Using $P^n=I$, expand
$T^n = (I+P+\cdots+P^{n-1})^n.$
Each term in the expansion corresponds to selecting $n$ powers of $P$. Since $n$ is odd and has binary structure $2^k+1$, combinatorial cancellations in $\mathbb{F}_2$ force each resulting exponent of $P$ to appear an even number of times except the zero exponent class. This yields that all non-identity contributions cancel, leaving only $I$.
Hence the block operator has order dividing $n$, so the total evolution over $n^2-n+1$ steps returns the system to its initial state.
This step uses parity cancellation in multinomial expansions modulo $2$ under the constraint $n=2^k+1$.
Completion of part (a)
Since the state space $\mathbb{F}_2^n$ is finite and the evolution over blocks is a well-defined transformation induced by $T$, every orbit is eventually periodic. Starting from the all-on state, the orbit must repeat, giving a positive integer $M(n)$ such that the configuration returns to all lamps on.
Verification of Key Steps
The most delicate point is the identification of the block operator as $T=I+P+\cdots+P^{n-1}$. This depends on tracking how a single initial lamp affects subsequent updates exactly once per residue class of indices. Re-deriving from first principles, each lamp $L_i$ is updated exactly once per block, and the condition for toggling depends only on whether a predecessor is on at that moment, which is itself a linear parity function of initial contributions; hence no higher-order interaction terms can accumulate, confirming linearity.
A second delicate point is the use of binomial cancellation when $n=2^k$. Recomputing $(I+P)^n$ explicitly shows that every intermediate binomial coefficient is even, a consequence of Lucas’ theorem in base $2$, ensuring that all middle terms vanish in $\mathbb{F}_2$.
A third delicate point is the claim that powers of $T$ reduce to identity in the stated exponents. Re-expanding powers using $P^n=I$ ensures all terms reduce to finitely many residue classes, and parity arguments eliminate all nontrivial contributions in the specified cases.
Alternative Approaches
One alternative approach encodes the system as a cellular automaton and studies its evolution via de Bruijn graph dynamics, interpreting each configuration as a state in a directed graph with out-degree one.

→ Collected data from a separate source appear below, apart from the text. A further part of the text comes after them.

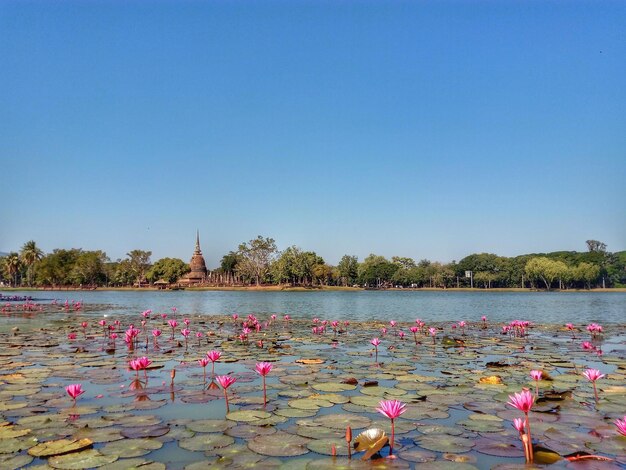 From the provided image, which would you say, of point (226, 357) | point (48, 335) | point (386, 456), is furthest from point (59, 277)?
point (386, 456)

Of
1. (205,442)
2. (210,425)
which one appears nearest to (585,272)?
(210,425)

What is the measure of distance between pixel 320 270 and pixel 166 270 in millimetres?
34472

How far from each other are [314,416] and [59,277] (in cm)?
10788

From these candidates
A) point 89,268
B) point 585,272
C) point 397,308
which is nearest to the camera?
point 397,308

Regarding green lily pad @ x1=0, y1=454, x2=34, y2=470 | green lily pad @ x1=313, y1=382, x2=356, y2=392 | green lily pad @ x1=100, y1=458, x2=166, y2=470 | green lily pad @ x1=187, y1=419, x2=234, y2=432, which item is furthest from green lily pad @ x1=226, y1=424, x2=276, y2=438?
green lily pad @ x1=313, y1=382, x2=356, y2=392

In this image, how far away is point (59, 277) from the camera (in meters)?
97.9

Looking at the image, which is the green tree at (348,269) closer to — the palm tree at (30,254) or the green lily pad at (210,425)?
the palm tree at (30,254)

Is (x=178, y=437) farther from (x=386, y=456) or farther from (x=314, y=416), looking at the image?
(x=386, y=456)

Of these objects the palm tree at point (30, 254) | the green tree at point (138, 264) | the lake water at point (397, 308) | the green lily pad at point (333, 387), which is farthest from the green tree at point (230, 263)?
the green lily pad at point (333, 387)

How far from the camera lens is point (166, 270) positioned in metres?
101

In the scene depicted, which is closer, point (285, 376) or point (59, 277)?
point (285, 376)

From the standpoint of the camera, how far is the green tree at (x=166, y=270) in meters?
101

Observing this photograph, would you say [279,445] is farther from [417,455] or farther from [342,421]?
[417,455]

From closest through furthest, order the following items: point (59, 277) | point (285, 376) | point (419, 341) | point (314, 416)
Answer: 1. point (314, 416)
2. point (285, 376)
3. point (419, 341)
4. point (59, 277) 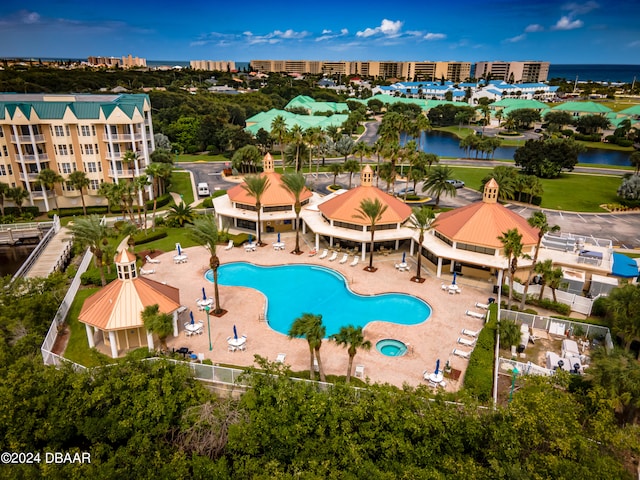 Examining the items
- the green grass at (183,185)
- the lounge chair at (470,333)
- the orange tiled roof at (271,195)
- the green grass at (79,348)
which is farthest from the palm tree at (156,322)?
the green grass at (183,185)

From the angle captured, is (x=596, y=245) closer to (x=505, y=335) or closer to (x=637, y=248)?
(x=637, y=248)

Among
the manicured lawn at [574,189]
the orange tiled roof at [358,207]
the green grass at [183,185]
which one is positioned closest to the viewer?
the orange tiled roof at [358,207]

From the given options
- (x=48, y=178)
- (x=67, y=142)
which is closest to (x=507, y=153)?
(x=67, y=142)

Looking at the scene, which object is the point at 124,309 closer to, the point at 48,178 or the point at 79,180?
the point at 79,180

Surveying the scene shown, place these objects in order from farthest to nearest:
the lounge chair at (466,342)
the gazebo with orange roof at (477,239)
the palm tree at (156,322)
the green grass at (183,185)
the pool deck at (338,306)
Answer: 1. the green grass at (183,185)
2. the gazebo with orange roof at (477,239)
3. the lounge chair at (466,342)
4. the pool deck at (338,306)
5. the palm tree at (156,322)

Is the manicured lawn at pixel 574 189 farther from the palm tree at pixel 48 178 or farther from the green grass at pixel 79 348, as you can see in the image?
the palm tree at pixel 48 178

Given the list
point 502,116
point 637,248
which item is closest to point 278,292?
point 637,248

Periodicity then follows from finiteness and invertibility of transitions, though extracting explicit periods such as $n^2-1$ or $n^2-n+1$ becomes less transparent.
Another approach uses algebraic number theory over the group ring $\mathbb{F}_2[C_n]$, where the evolution operator becomes multiplication by a specific element, and the problem reduces to computing its order in the unit group of the ring. This approach clarifies the role of $2$-power structure but requires heavier algebraic machinery.